#### PROMPT
Retype the entries word for word, leaving nothing out.

#### EXCERPTED DATA
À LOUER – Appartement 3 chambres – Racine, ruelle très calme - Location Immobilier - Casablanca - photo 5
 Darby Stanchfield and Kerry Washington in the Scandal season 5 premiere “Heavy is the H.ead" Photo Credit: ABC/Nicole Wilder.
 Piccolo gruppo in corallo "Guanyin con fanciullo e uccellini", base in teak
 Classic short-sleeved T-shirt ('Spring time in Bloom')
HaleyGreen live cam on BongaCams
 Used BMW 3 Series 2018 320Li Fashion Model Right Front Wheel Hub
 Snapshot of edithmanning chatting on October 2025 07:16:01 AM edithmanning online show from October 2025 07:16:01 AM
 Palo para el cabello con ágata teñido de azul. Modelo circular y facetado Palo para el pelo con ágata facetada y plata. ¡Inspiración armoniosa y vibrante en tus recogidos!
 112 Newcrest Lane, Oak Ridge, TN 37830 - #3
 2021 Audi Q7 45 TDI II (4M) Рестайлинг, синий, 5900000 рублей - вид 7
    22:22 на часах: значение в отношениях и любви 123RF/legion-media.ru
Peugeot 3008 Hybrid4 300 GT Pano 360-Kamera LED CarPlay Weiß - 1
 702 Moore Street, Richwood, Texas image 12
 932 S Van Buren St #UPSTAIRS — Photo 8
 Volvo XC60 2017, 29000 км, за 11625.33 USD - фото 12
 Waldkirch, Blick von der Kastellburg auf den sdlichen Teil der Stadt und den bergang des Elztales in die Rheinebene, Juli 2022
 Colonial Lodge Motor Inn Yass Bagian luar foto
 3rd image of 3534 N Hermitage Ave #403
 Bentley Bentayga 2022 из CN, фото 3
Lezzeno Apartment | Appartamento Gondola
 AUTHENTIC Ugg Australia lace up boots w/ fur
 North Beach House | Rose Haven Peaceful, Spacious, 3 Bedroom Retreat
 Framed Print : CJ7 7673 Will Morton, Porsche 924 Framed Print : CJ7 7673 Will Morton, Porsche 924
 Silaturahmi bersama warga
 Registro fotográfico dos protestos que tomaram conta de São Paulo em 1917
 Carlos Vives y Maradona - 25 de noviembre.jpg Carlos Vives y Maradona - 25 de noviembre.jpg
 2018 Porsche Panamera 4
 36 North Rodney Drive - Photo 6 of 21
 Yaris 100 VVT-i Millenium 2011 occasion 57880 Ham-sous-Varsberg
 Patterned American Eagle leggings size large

#### ANSWER FOR THIS EXERCISE
À LOUER – Appartement 3 chambres – Racine, ruelle très calme - Location Immobilier - Casablanca - photo 5
 Darby Stanchfield and Kerry Washington in the Scandal season 5 premiere “Heavy is the H.ead" Photo Credit: ABC/Nicole Wilder.
 Piccolo gruppo in corallo "Guanyin con fanciullo e uccellini", base in teak
 Classic short-sleeved T-shirt ('Spring time in Bloom')
HaleyGreen live cam on BongaCams
 Used BMW 3 Series 2018 320Li Fashion Model Right Front Wheel Hub
 Snapshot of edithmanning chatting on October 2025 07:16:01 AM edithmanning online show from October 2025 07:16:01 AM
 Palo para el cabello con ágata teñido de azul. Modelo circular y facetado Palo para el pelo con ágata facetada y plata. ¡Inspiración armoniosa y vibrante en tus recogidos!
 112 Newcrest Lane, Oak Ridge, TN 37830 - #3
 2021 Audi Q7 45 TDI II (4M) Рестайлинг, синий, 5900000 рублей - вид 7
    22:22 на часах: значение в отношениях и любви 123RF/legion-media.ru
Peugeot 3008 Hybrid4 300 GT Pano 360-Kamera LED CarPlay Weiß - 1
 702 Moore Street, Richwood, Texas image 12
 932 S Van Buren St #UPSTAIRS — Photo 8
 Volvo XC60 2017, 29000 км, за 11625.33 USD - фото 12
 Waldkirch, Blick von der Kastellburg auf den sdlichen Teil der Stadt und den bergang des Elztales in die Rheinebene, Juli 2022
 Colonial Lodge Motor Inn Yass Bagian luar foto
 3rd image of 3534 N Hermitage Ave #403
 Bentley Bentayga 2022 из CN, фото 3
Lezzeno Apartment | Appartamento Gondola
 AUTHENTIC Ugg Australia lace up boots w/ fur
 North Beach House | Rose Haven Peaceful, Spacious, 3 Bedroom Retreat
 Framed Print : CJ7 7673 Will Morton, Porsche 924 Framed Print : CJ7 7673 Will Morton, Porsche 924
 Silaturahmi bersama warga
 Registro fotográfico dos protestos que tomaram conta de São Paulo em 1917
 Carlos Vives y Maradona - 25 de noviembre.jpg Carlos Vives y Maradona - 25 de noviembre.jpg
 2018 Porsche Panamera 4
 36 North Rodney Drive - Photo 6 of 21
 Yaris 100 VVT-i Millenium 2011 occasion 57880 Ham-sous-Varsberg
 Patterned American Eagle leggings size large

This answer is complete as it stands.